Begrijp me niet verkeerd, ik heb helemaal geen hekel aan lezen. Het lezen van een tijdschrift heeft een ontspannende werking op me en tijdens de zomervakantie lees ik menig slap romannetje. Met enige regelmaat ben ik te vinden in de bibliotheek, waar ik laatst zelfs een boekje meenam van de campagne ”Nederland leest – Lezen is vurrukkulluk”. Oké, dat is misschien een beetje overdreven verwoord, maar lezen is toch op zijn minst leuk of ontspannend.
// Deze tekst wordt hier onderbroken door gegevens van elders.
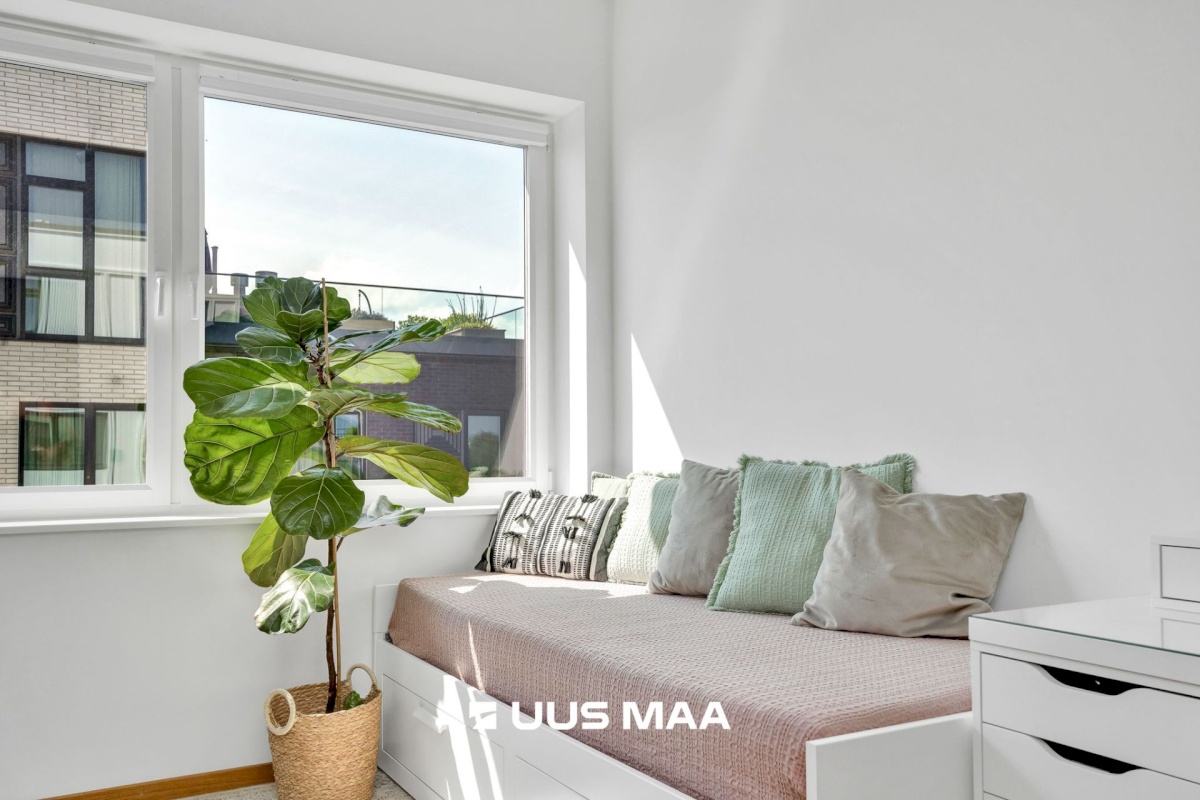 Tallinn, Kesklinna linnaosa, Uus Maailm, Toom-Kuninga 15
Nederland leest, Neline leest ook. Achttien literaire topstukken welteverstaan. Lezen is nu niet meer vurrukkulluk, zelfs niet meer leuk of een klein beetje ontspannend. Het is pure noodzaak. En het blijft niet bij die honderden bladzijden die gelezen moeten worden. Ik worstel me door de gehele historie van Nederlandse literatuur en ontkom niet aan mystificatie, perspectieven of enig andere technische term.
Momenteel is er slechts één schrijver die me kan inspireren, één man die het werkelijk heeft begrepen. „Veel lezens is vermoeiing des vleses”, zo meent Prediker. Dat kan ik volmondig beamen.